January 17, 2008

 

The Lure And Danger Of The Public Sphere: Gender And Mission Encounters In Korea

Thursday 17 January

4:00-5:30pm

C.K. Choi Building Conference Room #120,1855 West Mall

CENTRE FOR KOREAN RESEARCH

 

 

By  Professor Hyaeweol Choi (Arizona State University)

 

 

A new moral order in late 19th century Korea began to question if Confucian-prescribed gender relations would be appropriate for a modern nation-state.  The “inside-outside rule” (naewoebŏp) was one of the frequent targets of male intellectuals in critiquing the traditionally defined domain of women—the private. The development of print media was an important vehicle for advocating the idea of gender equality and women’s participation in the public sphere. In parallel with this discourse of enlightenment-oriented intellectuals on new womanhood, there was a group of American missionary women who were engaging in “modernizing” Korean women through educational, medical and evangelical work in public.  To women missionaries, the world was their “household” to practice the ideal of universal benevolence, offering them unprecedented opportunities for power and authority that were not available at home.  Betokening the ideal of Christian-prescribed gender equality, these missionary women have often been recognized by Koreans as pioneers in introducing modern womanhood. Yet, there is a lack of understanding of how they perceived and imagined the modern and how they understood the rapidly changing horizon for women in US society at the time.
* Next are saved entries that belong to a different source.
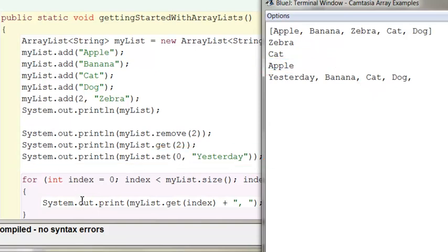And then I have a little loop and I'm printing out all the items in the list separated by commas, which are yesterday, banana, cat, and dog.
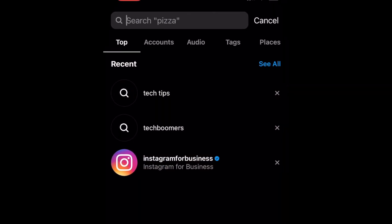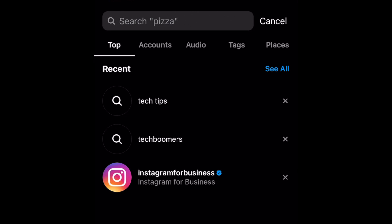Here you'll see your recent searches. To see your entire search history, tap See All.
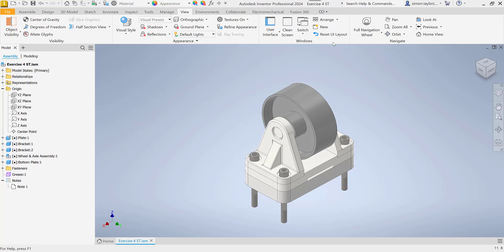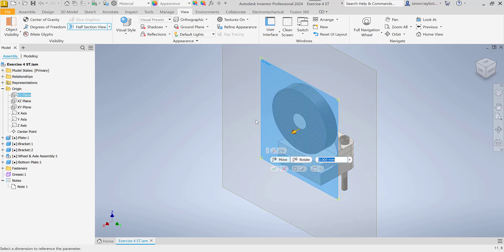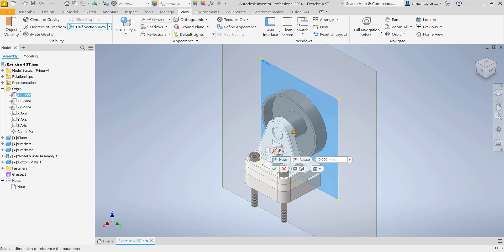A new feature that has been added to Inventor 2024 is with the section view. When we used this before, we used to pick on the plane that we wanted to split our view. Before, we didn't have the ability to be able to flip the direction for the section view, which we now have.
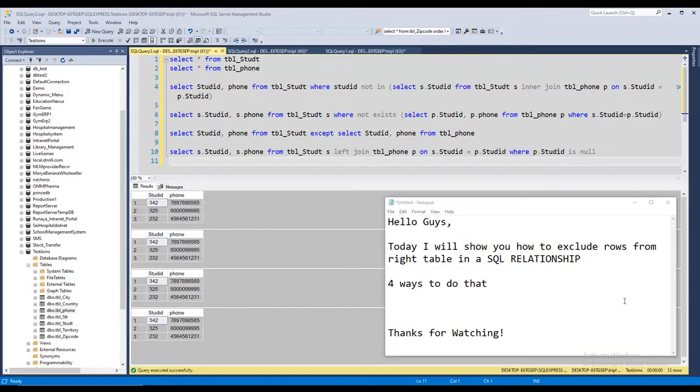Hello guys, today I am going to show you how you can exclude rows from a table in an SQL relationship.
In this presentation, I focus on the complex layers of the discourses initiated by these two paralleled forces, examining the ways in which they challenge, re-examine or appropriate so-called traditional womanhood—being either Confucian or Victorian—by evoking ‘new’ womanhood. I pay close attention to the fluid, conflicting and symbiotic relations between the public and the private arena in repositioning women for nationalist or Christian ideas.

 

 

Professor Hyaeweol Choi did her BA and MA at Yonsei University, Korea, and her Ph.D. at State University of New York at Buffalo.  She is currently an associate professor at Arizona State University. Her recent publications include “A New Moral Order: Discourse on Gender Equality in Korean Christianity,” in Religions of Korea in Practice, ed. Robert Buswell (Princeton: Princeton University Press, 2006) and “Christian Modernity in Missionary Discourse from Korea, 1905-1910,” East Asian History 29 (June 2005).